This laboratory introduces students to gradient descent—the fundamental optimization algorithm that powers all modern machine learning and deep learning systems. Through hands-on implementation from scratch, students will develop a deep understanding of how neural networks learn by iteratively adjusting their parameters to minimize error. This foundational knowledge is essential for understanding training processes, debugging models, and building effective AI systems.
What You'll Learn
- Gradient Descent Algorithm: Master the core optimization technique used in all neural network training
- Cost Function Minimization: Understand how to measure and reduce prediction errors
- Learning Rate Effects: Discover how learning rate impacts convergence speed and stability
- Decision Boundary Visualization: See how optimization shapes the decision boundary over time
- From-Scratch Implementation: Build gradient descent without high-level libraries to understand the mechanics
- Binary Classification: Apply gradient descent to solve real classification problems
💡 Why This Matters
Gradient descent is the engine behind every neural network training process.

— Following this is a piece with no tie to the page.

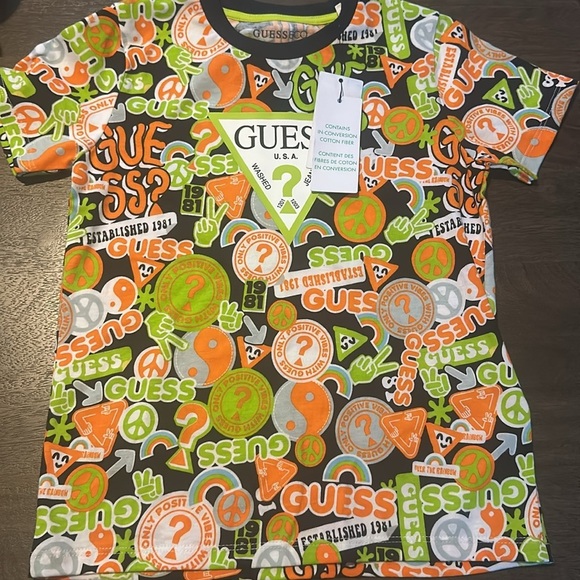 NWT Guess Yellow Multi Short Sleeve T-Shirt Geometric Logo Azure - Picture 4 of 10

Whether you're training a simple logistic regression model or a massive transformer with billions of parameters, gradient descent is at work, finding the optimal weights that minimize prediction error. Understanding gradient descent from first principles will help you debug training issues, select appropriate hyperparameters, design better architectures, and grasp advanced optimization techniques like Adam, RMSprop, and momentum-based methods. This is your foundation for all future machine learning work.
Lab Structure
This laboratory consists of one comprehensive part that builds your understanding step-by-step:
- Part 1: Gradient Descent Implementation
- Implement the sigmoid activation function
- Calculate model outputs (forward pass)
- Compute the cross-entropy error function
- Update weights using gradient descent (backward pass)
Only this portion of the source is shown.